Khartoum has long depended on its Arab militia allies, the Janjaweed (including in their various paramilitary guises); its own military forces are poorly trained, often poorly equipped, and typically badly demoralized, without any belief in the genocidal war they are being forced to prosecute. But Arab dissidents are growing in number, attempting to work across tribal lines, and militarily aligning themselves with various of the rebel groups long associated almost exclusively with the Fur, Massaleit, and Zaghawa. This latter phenomenon may be in evidence in a recent impassioned press release from the Justice and Equality Movement (JEM), which is bearing down on el-Geneina from the North:
“December 25, 2007: In a breathtaking development in Darfur, numerous Arab groups have visited JEM headquarters in the past week and officially joined JEM. The groups included seven Arab Emirs (princes) and 22 top Arab commanders. It is to be noted that each Emir presides over around five Umdas (Mayors) while each Mayor has numerous village and hamlet sheikhs under his jurisdiction.”

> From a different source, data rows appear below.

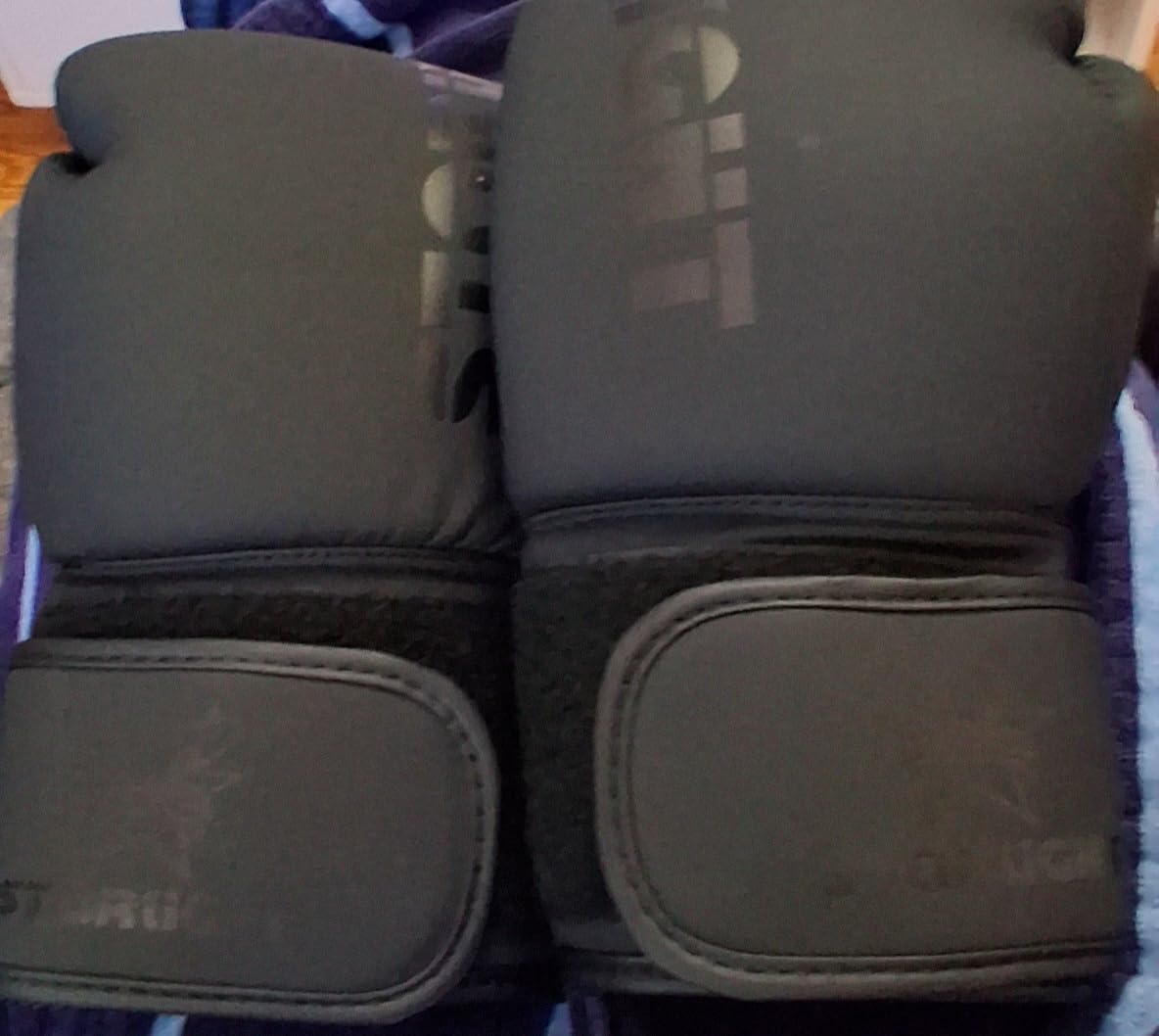 Boxing Gloves for Men Women, Sparring Training Punching MMA Kickboxing Boxing Gloves, Heavy Bag Workout Gloves for Boxing, Kickboxing, Muay Thai, MMA customer photo 2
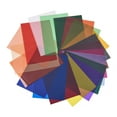 thumbnail image 1 of 20pcs Color Correction Light Filter Sheet Color Correction Filters Kit Colored Transparency Color Film, Size 9.8*6.6cm/3.8*2.6in, 1 of 7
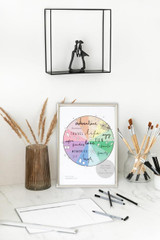 A4 Silver Plated Photo Frame - A4 Frame Silver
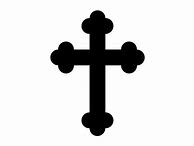 Image result for Roman Catholic Cross Clip Art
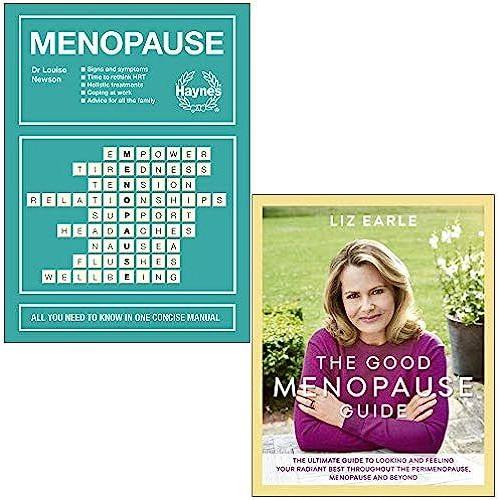 Menopause All You Need To Know In One Concise Manual, The Good Menopause Guide 2 Books Collection Set
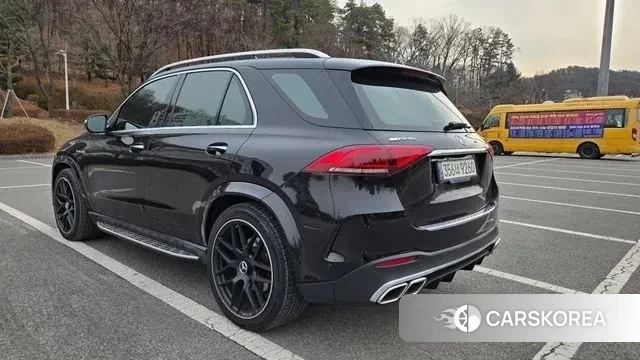 Mercedes-Benz GLE-Class W167 id 3621902 из Кореи 16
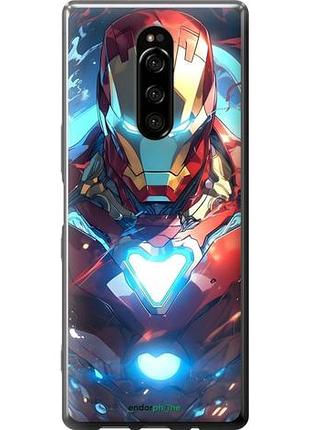 Чехол на sony xperia xz4 железный человек сони эксперия хзет4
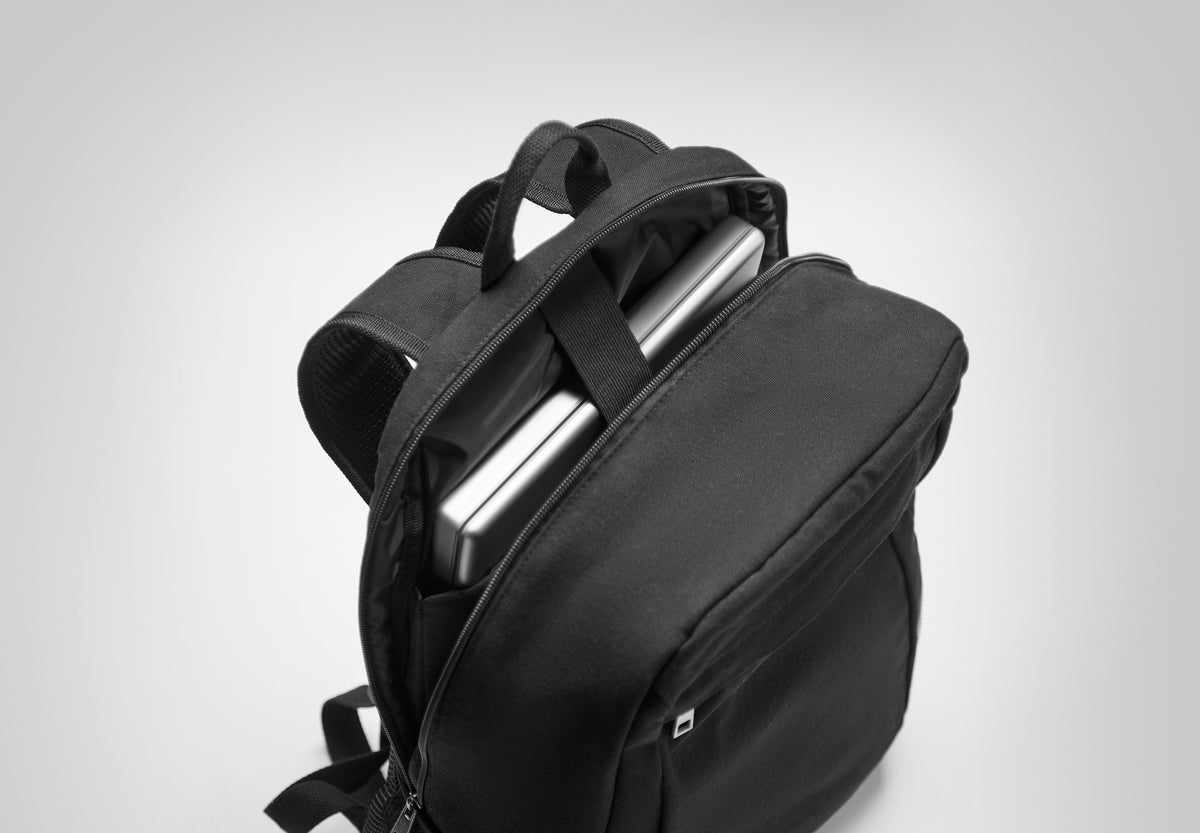 EIRI – 15 inch laptop backpack – item picture open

“The 22 Arab military commanders include some who previously acted as Janjaweed leaders or enlisted under the infamous Border Guards. Arab members of the State of Western Darfur were particularly forceful in their allegiance to JEM. That, they have communicated very succinctly to Sudan’s Chief Intelligence [official] Salah Gosh and Interior Minister Abdel Rahim Mohamed [Hussein]. These two were on a desperate tour to West Darfur with the mandate for revamping government support among the Arabs of Darfur. To their dismay, they have counted no less 23 Arabs ethnic groups in the State of Western Darfur alone who regard themselves as official members of JEM.”
The evidence suggests that el-Geneina faces military threats deriving from the presence of Khartoum’s regular forces, the proximity of Chadian rebels, the ominous cross-border concentration of Chad’s ground and air forces, and the enclosing presence of JEM forces. It is a new and highly combustible mixture of military actors, with the potential for a massive explosion, one that would compel the emergency evacuation of humanitarian personnel and put hundreds of thousands of highly vulnerable Darfuri civilians at the greatest possible risk.
RESPONSIBILITY
The Security Council long ago abandoned any real commitment to the Darfur crisis, and for this reason—a year and a half after the UN Department of Peacekeeping Operations proposed the essential elements of a peace support operation for Darfur—a vast cataclysm of human suffering and destruction seems virtually inevitable. The slim chance to mitigate this impending catastrophe—urgent deployment of UNAMID, with particular emphasis on civilian police—has been squandered in the face of Khartoum’s intransigent obstruction of UNAMID deployment and, most recently, the regime’s deliberate and premeditated attack on a UNAMID convoy. Assured by China that it will suffer no consequences, National Islamic Front tyranny sees that the genocidal status quo works to its advantage, eliminating a vast and growing part of Darfur’s population that might support rebellion.
This occurs before the very eyes of every member, past and present, of the UN Security Council. There has been no lack of detailed accounts of precisely what was being done; there has been ample time to respond. Current and past failures define, in the profoundest of ways, what the Security Council is and represents.